Contextual Connections can be perceived as a “chain of thoughts,” i.e., data interconnection.
ExpertGuru, our ChatGPT-based application, not only processes the provided dataset but also seamlessly incorporates the user's session and interaction history for response. This exquisite feature contributes to a deeper understanding of the user, ultimately elevating the overall user experience.
The feature looks cool but it adds a lot of complexity at the application level and can lead our ChatGPT-based application in a State of Confusion.
Concerns When History is Considered
Huge Volumes of History
When a single user engages in numerous interactions, it results in the generation of huge history data volumes. Consequently, there exists a potential for an imbalance in data considerations between business/application data sets and huge history data sets during response formulation, leading the bot into a perplexing state. During our application testing, we observed instances where the bot generated responses such as "I'm sorry for the confusion" followed by the actual response or where the historical context outweighed the current query in response formation.
Ex.
Domain: Electronics store
History: Huge history around smartwatches and their straps.
Query: Show me some headphones also with long battery life.
Response: “Sorry for the confusion” followed by a response for headphones. Another case was the bot continued to answer for smartwatches with long battery life and the current query wasn’t even considered or partially considered.
Contextually Connected History
The challenge here is when we consider a case “Is the query well connected with the history?” In this scenario, the expectation for the bot is to discern user preferences and requirements adeptly, eliminating the need for users to repeatedly provide redundant information. The user here should experience a seamless and well-formed response to queries like:
Ex.
Domain: Clothing store
History: Is around beach dresses in size XXL and the favourite colour is pink.
Queries: “Show me in blue colour as well,” “Show me office wear also,” “Show me more,” etc.
Response: Response is around office wear only in all available sizes and colours.
Expected response: It should be around office wear in XXL and around pink or blue if available.
Contextually Disconnected History
At times, it’s expected that user needs will shift from one category to another.
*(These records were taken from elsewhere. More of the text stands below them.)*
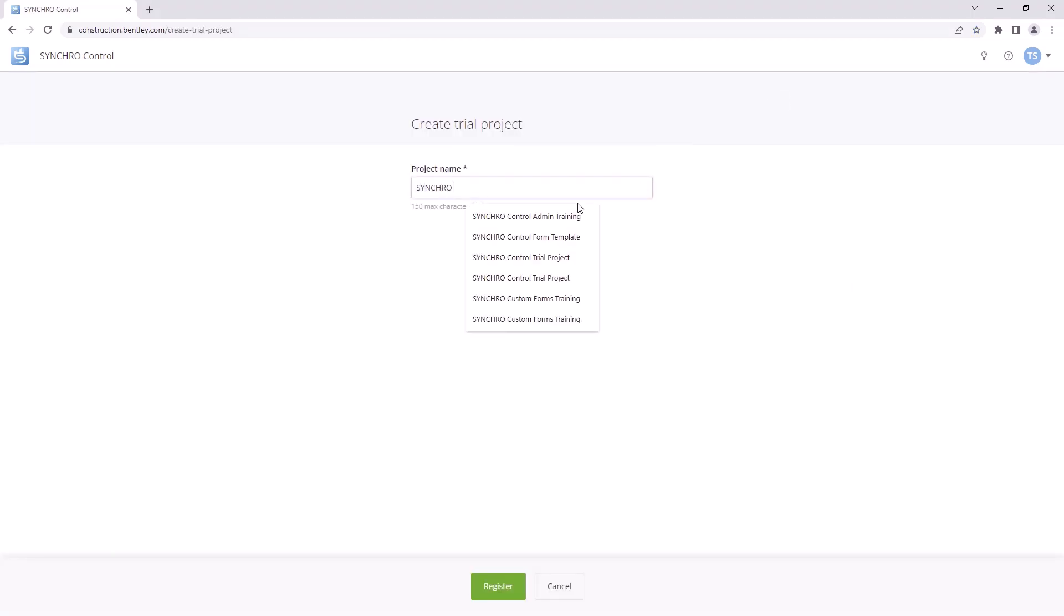Now, you will see a trial project registration form. Enter your desired project name in the provided field. Please note that there is a limit of 150 characters when creating the trial project name.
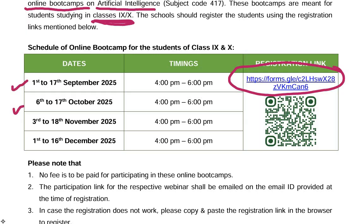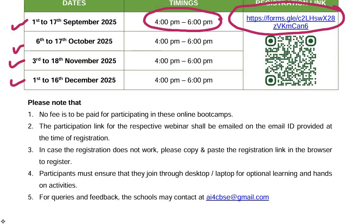Different batches are given for these boot camps. Timings for each batch is 4 p.m. to 6 p.m. Please note that no fee is to be paid for participating in these online boot camps. The participation link for the respective webinar shall be emailed on the email ID provided at the time of registration.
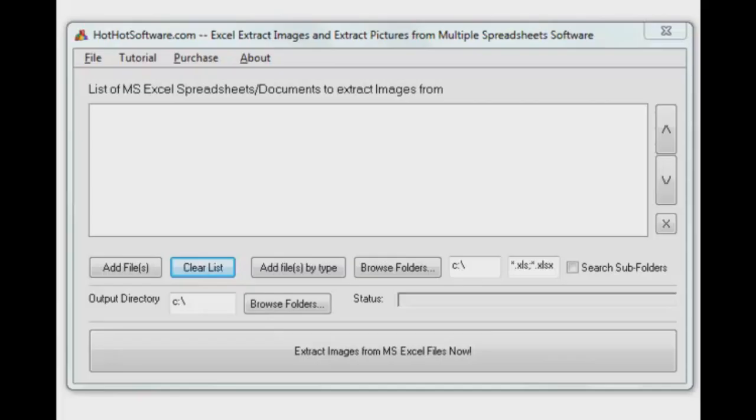Hey there and welcome back to HotHotSoftware.com. We've got a great application. We've been talking a lot lately about how to get data out of Excel files. You want to export things.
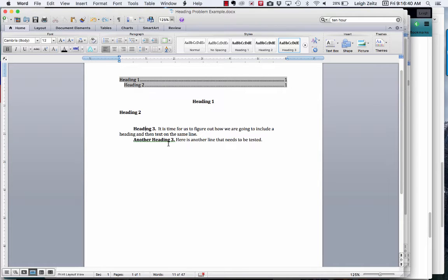Now there are some very complicated ways to fix this, or we can simply add some additional connections or additional lines to the Table of Contents. Let me show you how to do that.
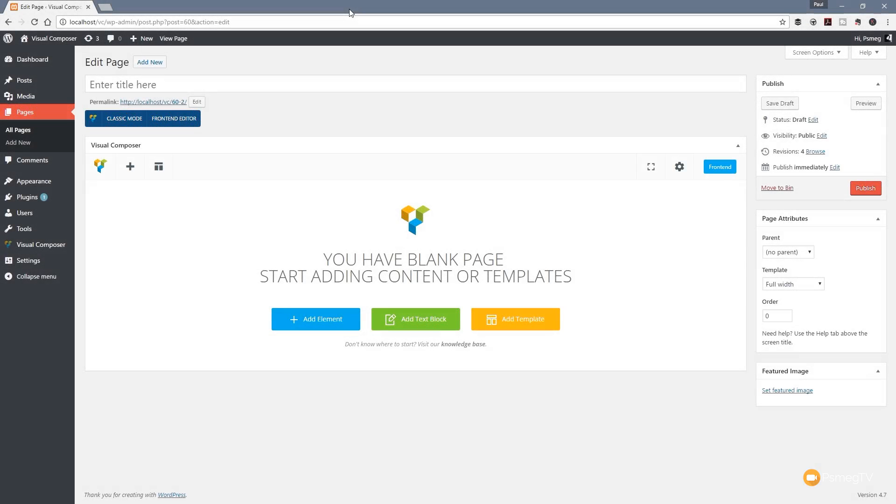Hi and welcome to Peacemag TV. In this video for WordPress, I'm going to show you one of the new features in Visual Composer 5 and take a look at that in a little more detail.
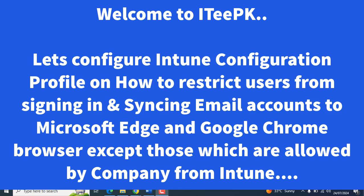Hello everyone. Today we will learn about a simple process. We'll see a simple and to-the-point video about blocking personal accounts from signing into Microsoft Edge.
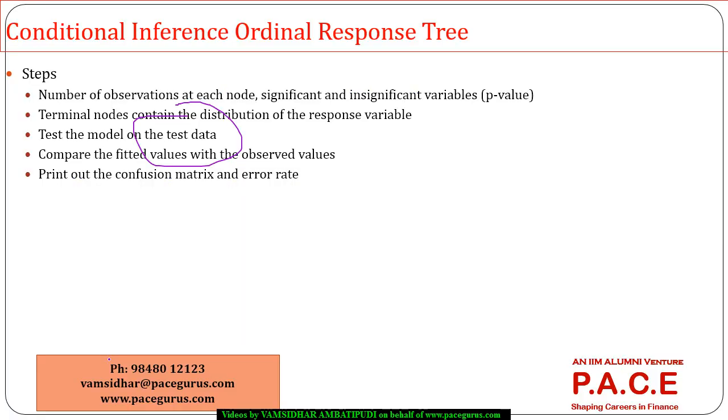So that's how I can very well create an ordinal conditional inference ordinal response tree, and based on that I can make out the accuracy of the model and error rate present. If your output is having some kind of ordinal values, this could be a mechanism you can comfortably use to bring out the decision tree and finally estimate the ordinal variable by taking the values of various attributes. If you have any further queries, you can get in touch with me by calling the number provided below or send an email at vamsidhar at peacegurus.com. Thanks a lot for listening to this session.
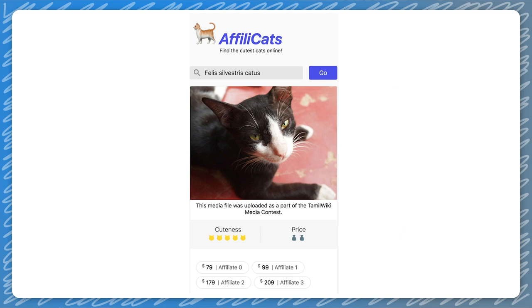For this video, we will use AffiliCats as our sample application. It is a single page app built as a progressive web app that lets you search for cats and great deals on them online. We won't go much into the details of this app, focusing on implementing dynamic rendering instead.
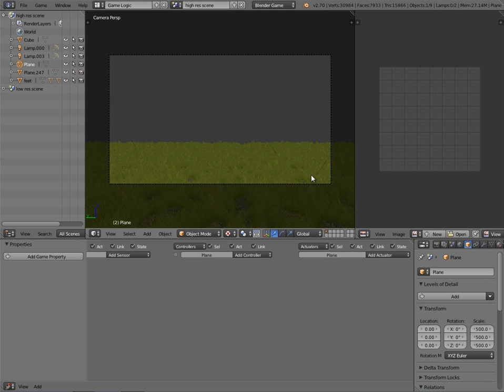Hey guys, welcome to this tutorial. My name is Timster. Today I'm going to be showing you how to add levels of detail to landscapes in the Blender game engine.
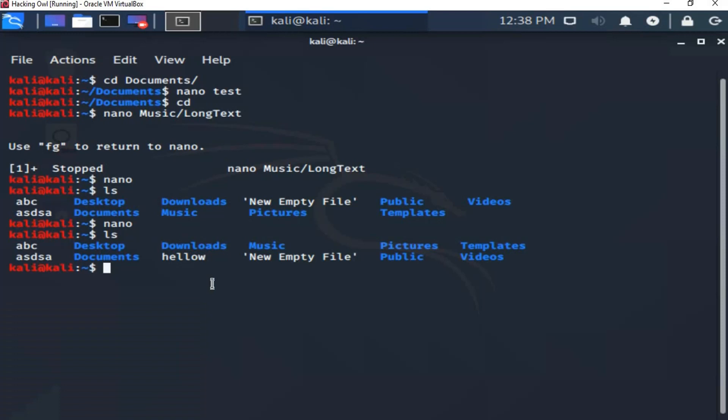That is all about the nano command. If you have any questions, please ask in the QA section and we will happily answer all of your questions. See you next time.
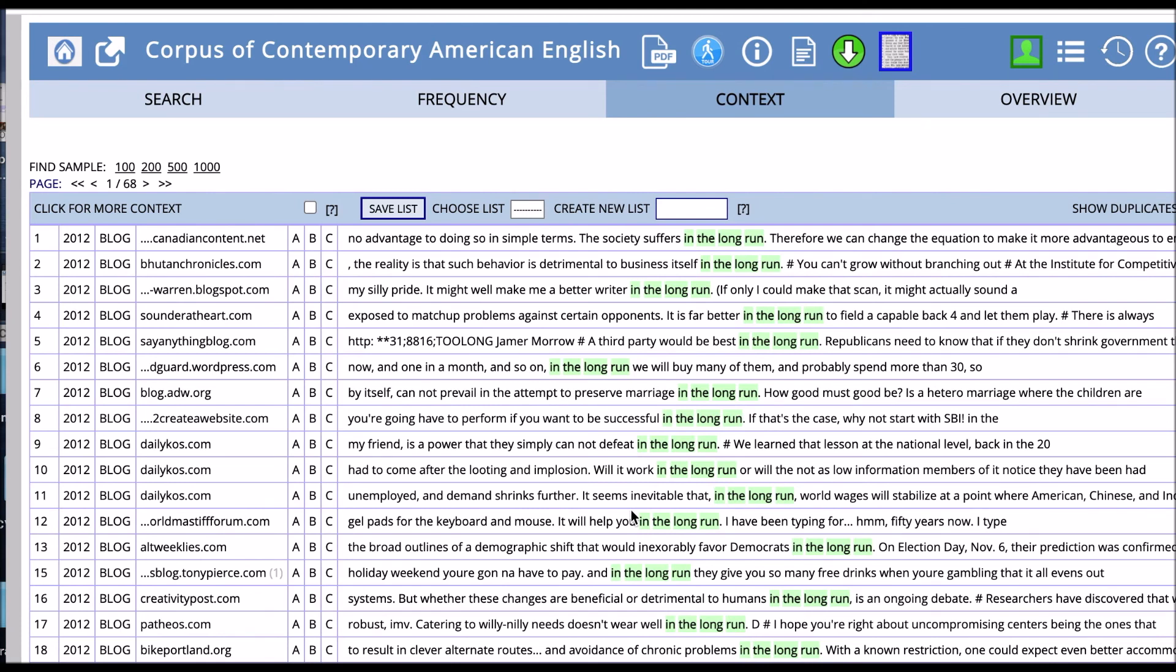So you could have your students find frequent collocates of run, find phrases that those collocates are associated with, and then look them up in the list function to see the wider context.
But as our bot keeps the history intact, there comes a loophole where history and current query change in category relevance but AI will keep on crafting patterns to make the history relevant and here bot fails.
Ex.
Domain: Clothing store
History: Interaction history around kids’ wear
Query: Show me some women’s wear also
Response: “Sorry for the confusion” followed by a response for women’s wear. Another case was the bot continued to answer for kids’ wear and the current query wasn’t even considered.
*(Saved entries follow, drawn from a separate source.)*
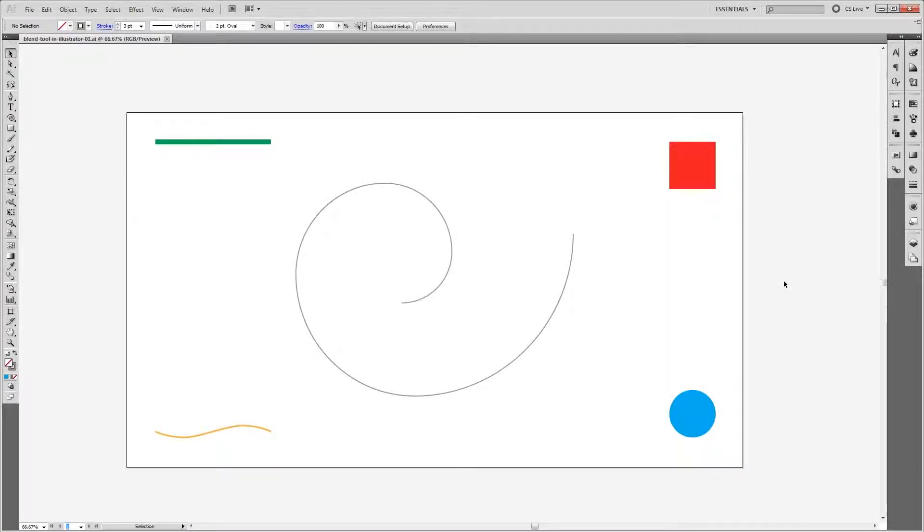Hey guys, in this tutorial I'm going to show you the basics of using the blend tool in Illustrator. Let's get started.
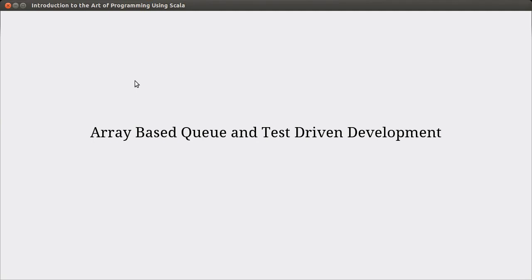Welcome back to the video lecture series for Introduction to Design and Programming using Scala. We continue looking at our array-based stack and queue. In the last video, we finished the stack. In this video, we're going to turn to implementing the queue.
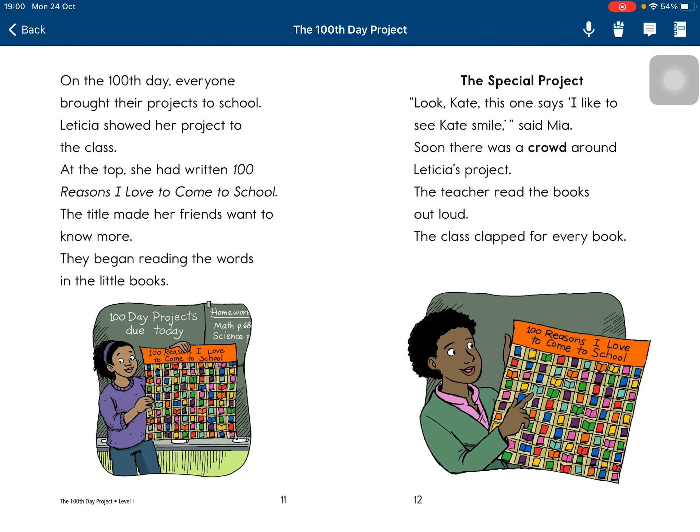On the 100th day, everyone brought their project to school. Leticia showed her project to the class. At the top, she had written '100 Reasons I Love to Come to School.' The teacher and her friends wanted to know more. They began reading the words in the little books.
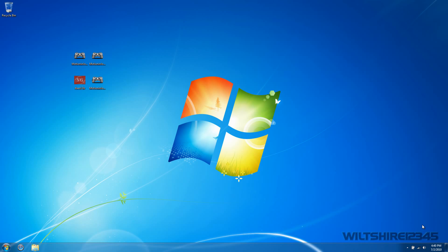Hello everyone and welcome to a video tutorial brought to you by Wiltshire. Today I'll be revisiting one of my video tutorials that I did in the past — the PS3 controller on PC. I'll be demonstrating how to make it work better than the one I did before on Windows 7, 32-bit or 64-bit. You can also use XP or Windows Vista, it doesn't really matter.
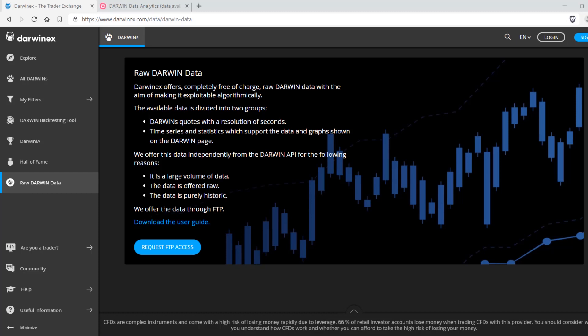Good morning everyone, and welcome to this tutorial series on Darwin Data Analytics, leveraging raw Darwin data that DarwinEx offers through its platform. This data is free of charge, available to all clients, and is in raw format with the aim of making it exploitable algorithmically.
ChatGPT Model Training for History
Different ChatGPT models consider history differently. So, it’s important to test the application from time to time in case of a model upgrade or change.
Ex.
In one of the models, it used to give responses like “Apologies for confusion” followed by the correct response. Another model constructs responses solely based on the content of the preceding conversation, incorporating the exact text from previous interactions. Consequently, various permutations and combinations have been observed, resulting in nonsensical responses.
History Biasing
Sometimes, our application suffers from history biasing. So, cases like over and underfitting were observed.
Ex.
The response contains text based on history and the current query was not even answered. At times, the historical context can overshadow the significance of the current inquiry, leading to an overfitting case over historical data. Conversely, there are instances where the history is disregarded and users are required to provide similar information again.
Testing Insights
Testers need to create test data for history and create test cases over that history. Scenarios should involve both similar-category history and similar-category current queries, as well as different-category history and similar-category current queries. Comprehensive planning is required to cover all potential cases, including the creation of extensive history, connected history, and disconnected history. Given the nature of ChatGPT-based applications and their various models, thorough and time-to-time examination of responses is essential to address and rectify each specific case.